*Brief:*
Print the lines from the one containing "human Harry from" through the end of the material below, both included, exactly as they appear and without pictures.
(Material for the task begins)
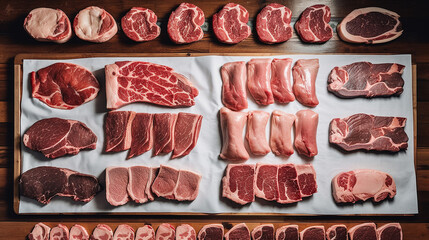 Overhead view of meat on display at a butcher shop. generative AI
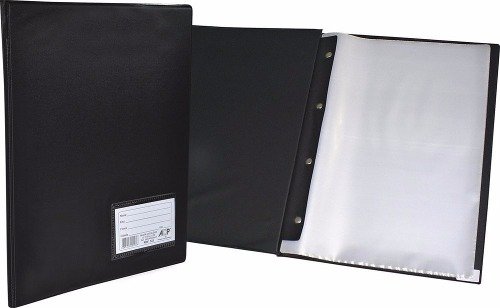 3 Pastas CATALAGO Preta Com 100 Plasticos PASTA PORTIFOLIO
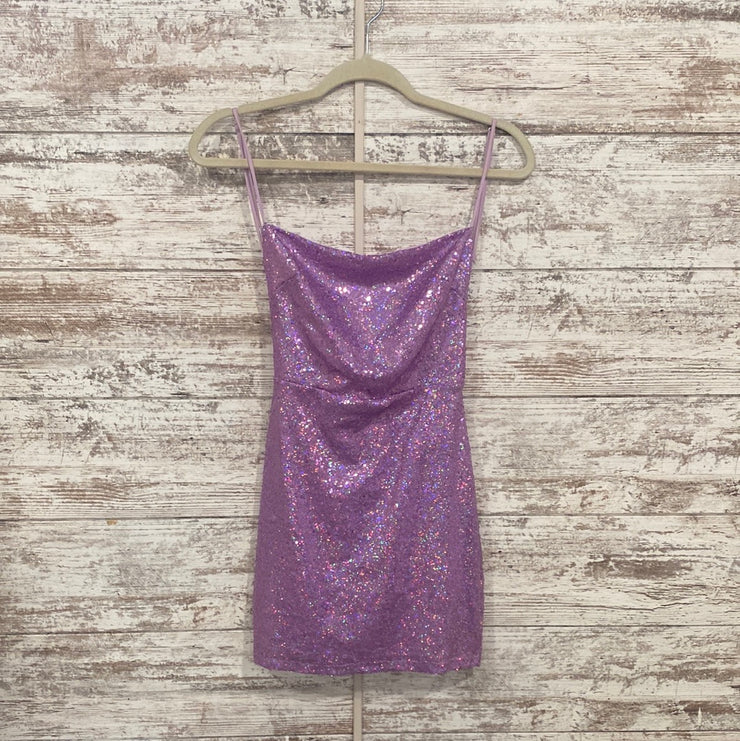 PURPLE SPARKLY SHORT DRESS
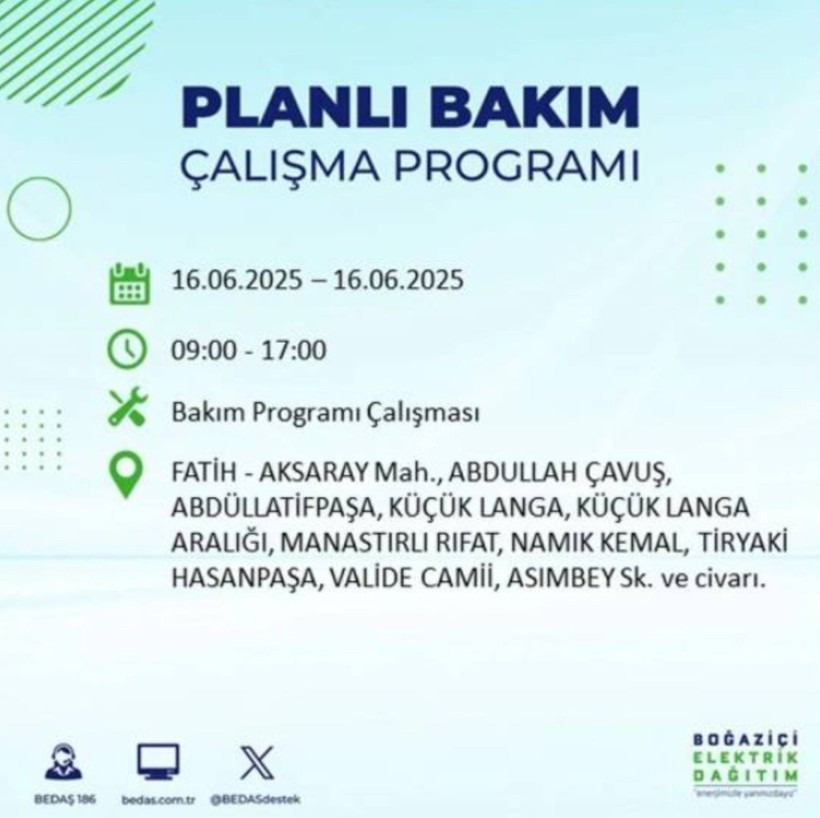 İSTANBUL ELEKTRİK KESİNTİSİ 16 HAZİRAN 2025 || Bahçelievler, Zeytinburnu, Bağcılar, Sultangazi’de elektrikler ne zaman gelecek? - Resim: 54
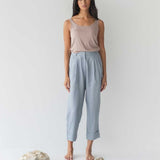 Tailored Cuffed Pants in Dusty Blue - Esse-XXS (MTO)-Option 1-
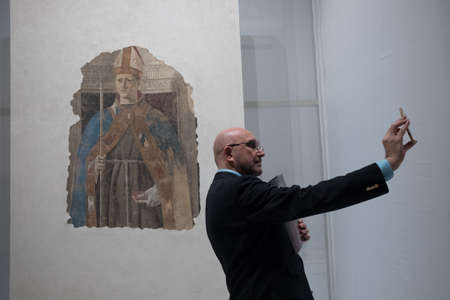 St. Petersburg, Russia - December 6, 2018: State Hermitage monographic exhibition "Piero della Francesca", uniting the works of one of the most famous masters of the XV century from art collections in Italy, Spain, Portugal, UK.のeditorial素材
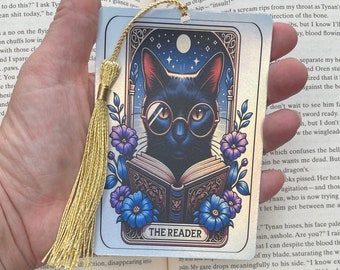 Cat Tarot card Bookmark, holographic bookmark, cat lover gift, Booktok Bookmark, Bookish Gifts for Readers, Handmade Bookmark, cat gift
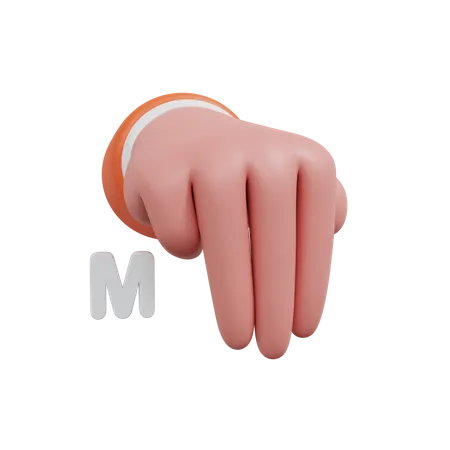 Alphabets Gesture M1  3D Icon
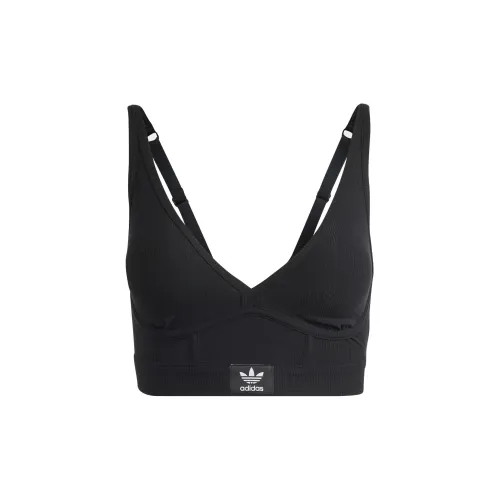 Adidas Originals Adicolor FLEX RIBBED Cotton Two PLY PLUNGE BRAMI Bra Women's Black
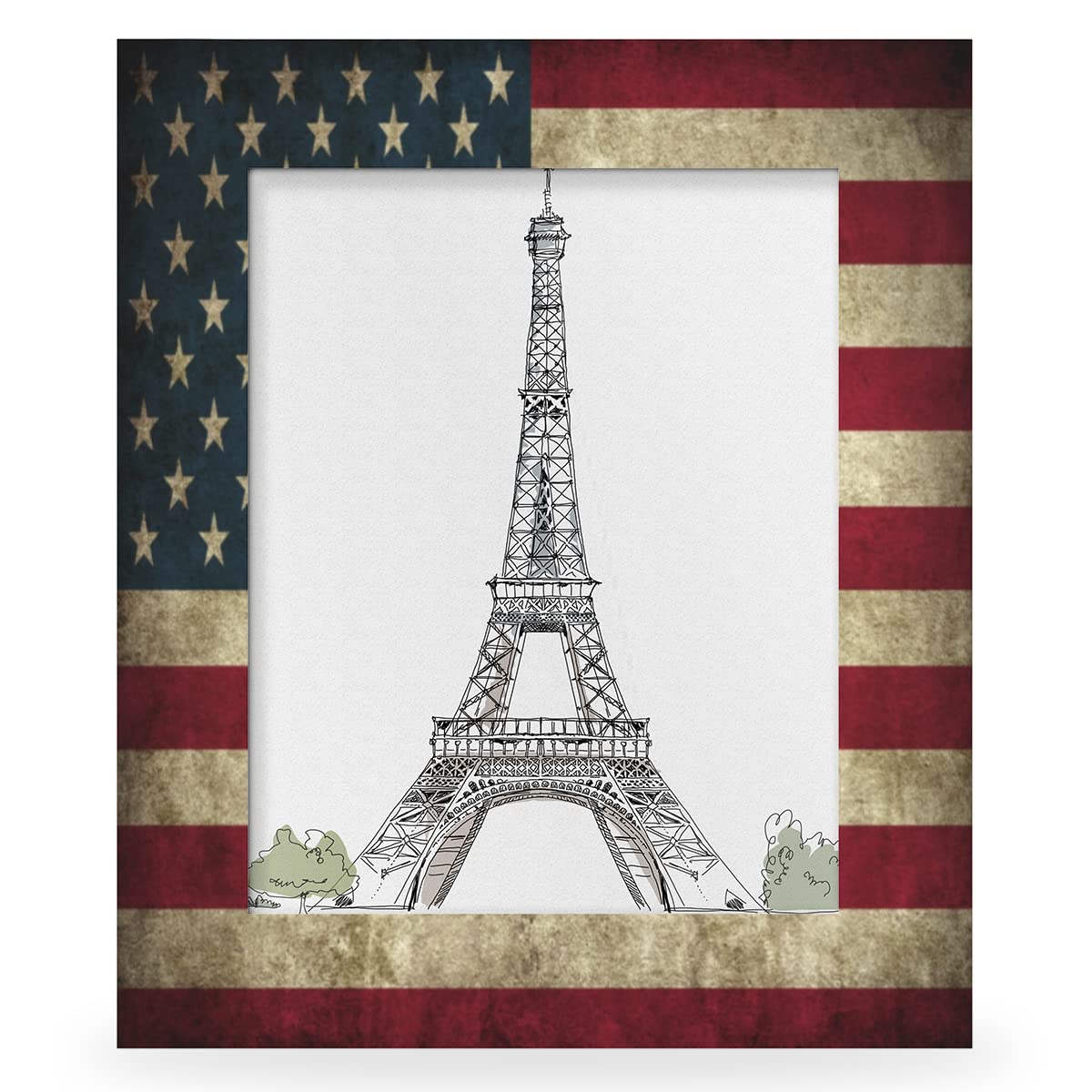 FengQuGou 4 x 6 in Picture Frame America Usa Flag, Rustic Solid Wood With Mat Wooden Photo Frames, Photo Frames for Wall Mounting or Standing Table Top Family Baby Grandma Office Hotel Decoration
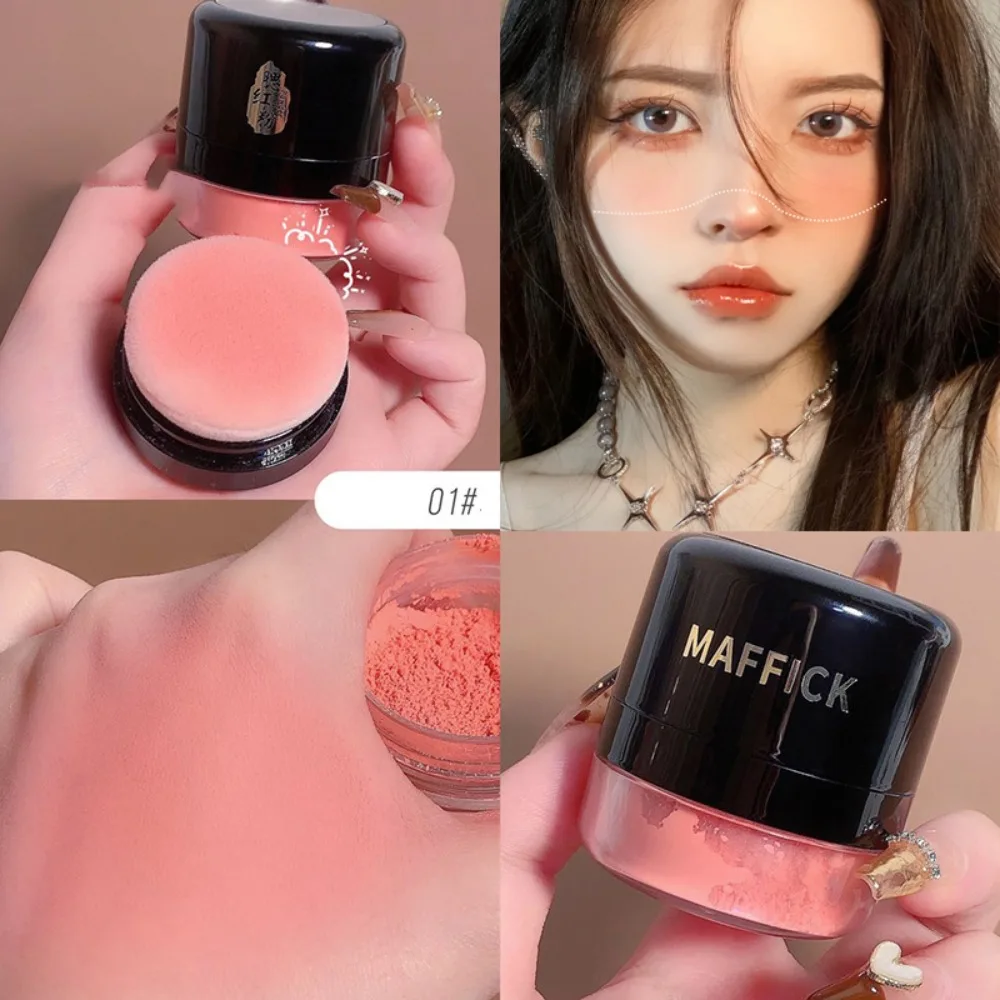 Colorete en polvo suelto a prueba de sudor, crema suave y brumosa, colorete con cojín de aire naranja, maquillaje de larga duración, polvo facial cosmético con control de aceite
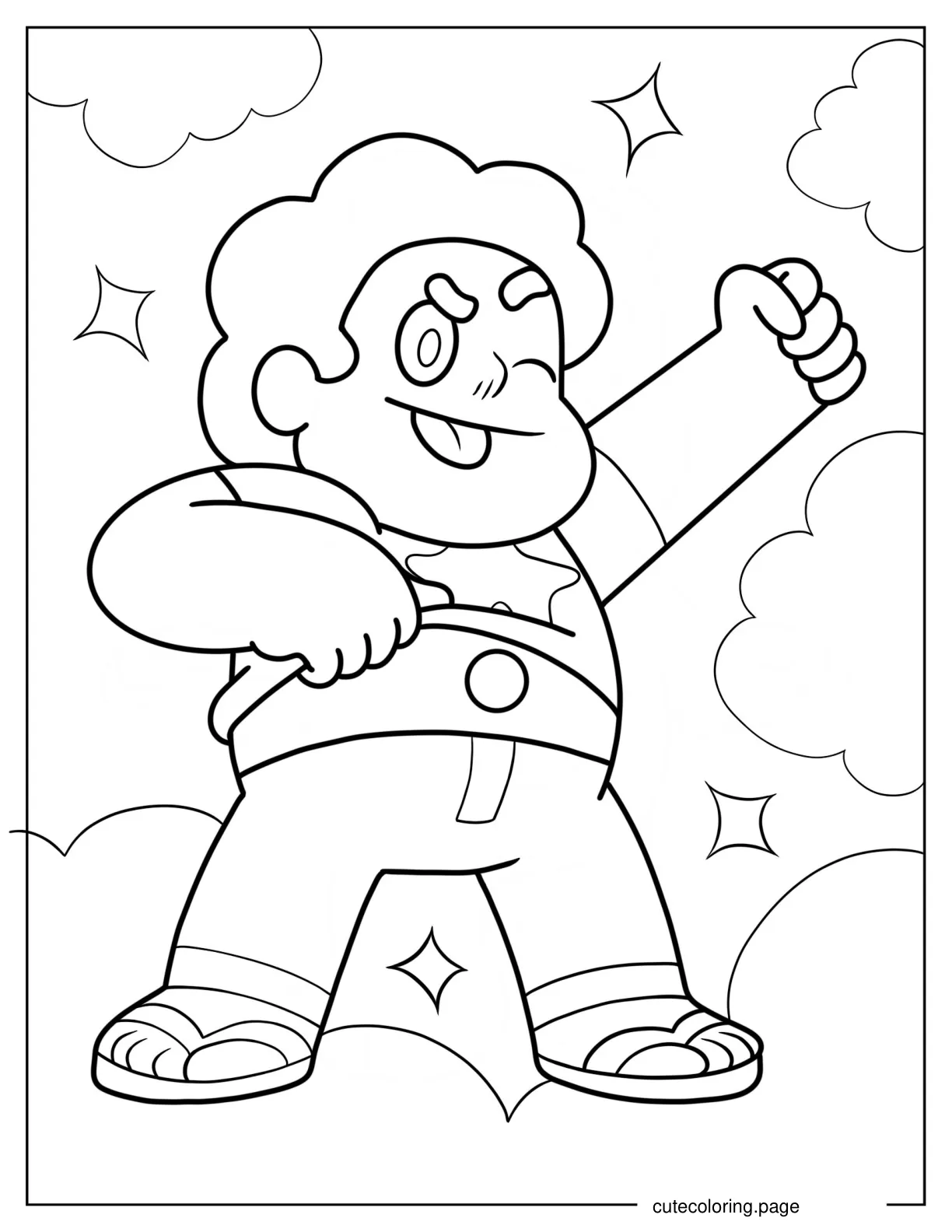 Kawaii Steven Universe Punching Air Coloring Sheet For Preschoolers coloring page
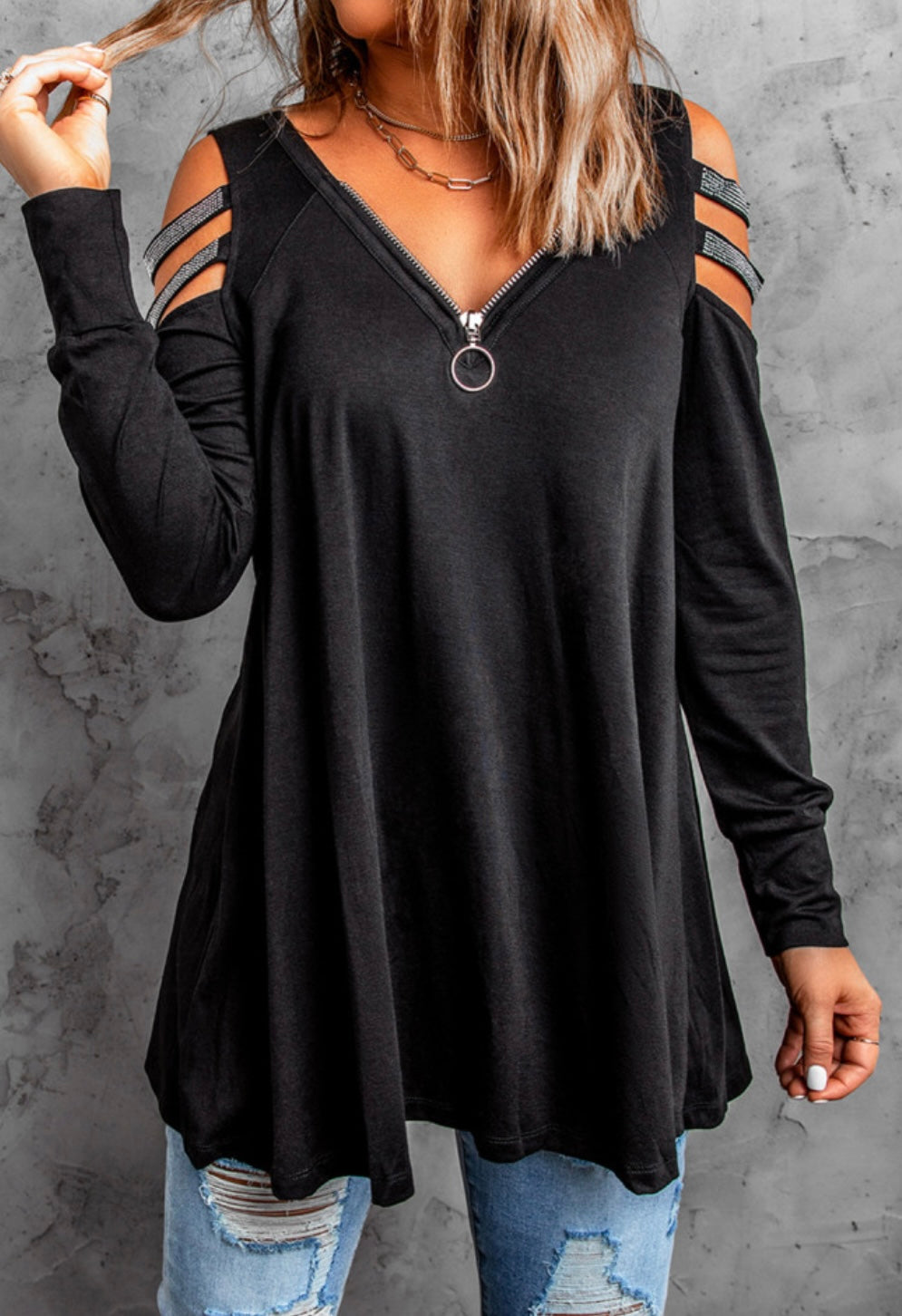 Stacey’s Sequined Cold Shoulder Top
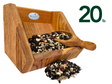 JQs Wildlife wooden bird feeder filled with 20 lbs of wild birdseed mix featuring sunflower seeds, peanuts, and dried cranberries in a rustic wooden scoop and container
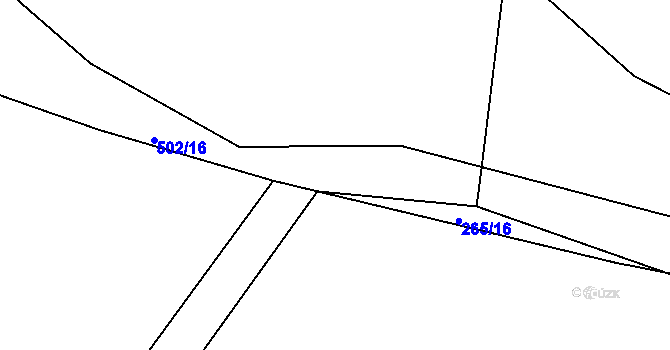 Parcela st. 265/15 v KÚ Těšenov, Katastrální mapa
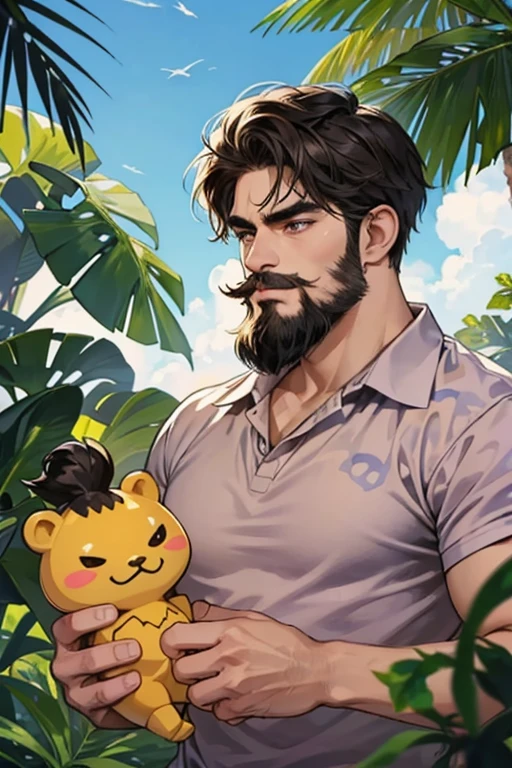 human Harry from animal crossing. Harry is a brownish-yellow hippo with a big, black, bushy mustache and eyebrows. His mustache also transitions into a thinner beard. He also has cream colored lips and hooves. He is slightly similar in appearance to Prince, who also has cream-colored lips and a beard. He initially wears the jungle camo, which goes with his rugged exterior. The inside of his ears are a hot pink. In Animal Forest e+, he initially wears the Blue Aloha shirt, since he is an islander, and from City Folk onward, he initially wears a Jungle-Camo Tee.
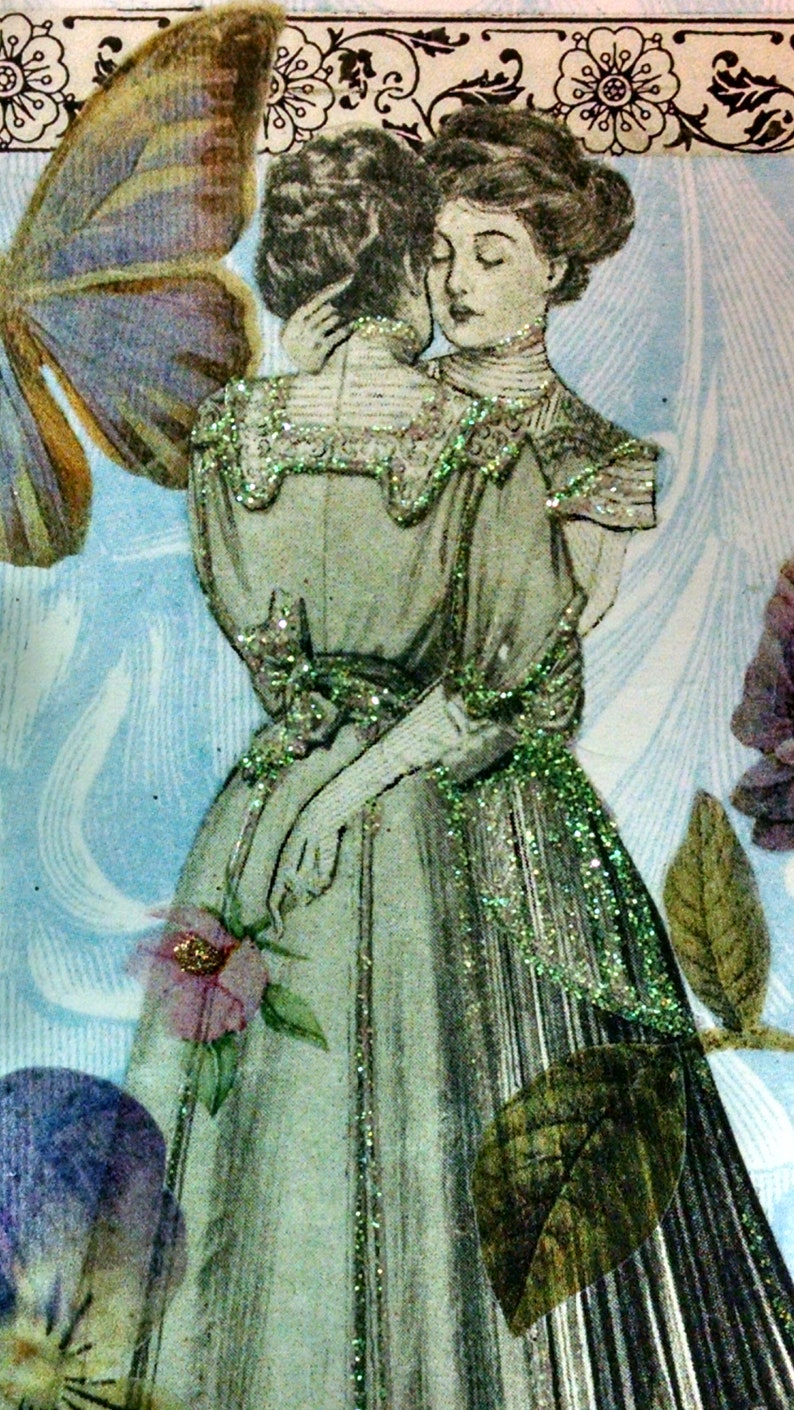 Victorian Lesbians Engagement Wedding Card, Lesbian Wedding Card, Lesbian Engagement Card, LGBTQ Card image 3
(Material for the task ends)
*Solution:*
 human Harry from animal crossing. Harry is a brownish-yellow hippo with a big, black, bushy mustache and eyebrows. His mustache also transitions into a thinner beard. He also has cream colored lips and hooves. He is slightly similar in appearance to Prince, who also has cream-colored lips and a beard. He initially wears the jungle camo, which goes with his rugged exterior. The inside of his ears are a hot pink. In Animal Forest e+, he initially wears the Blue Aloha shirt, since he is an islander, and from City Folk onward, he initially wears a Jungle-Camo Tee.
 Victorian Lesbians Engagement Wedding Card, Lesbian Wedding Card, Lesbian Engagement Card, LGBTQ Card image 3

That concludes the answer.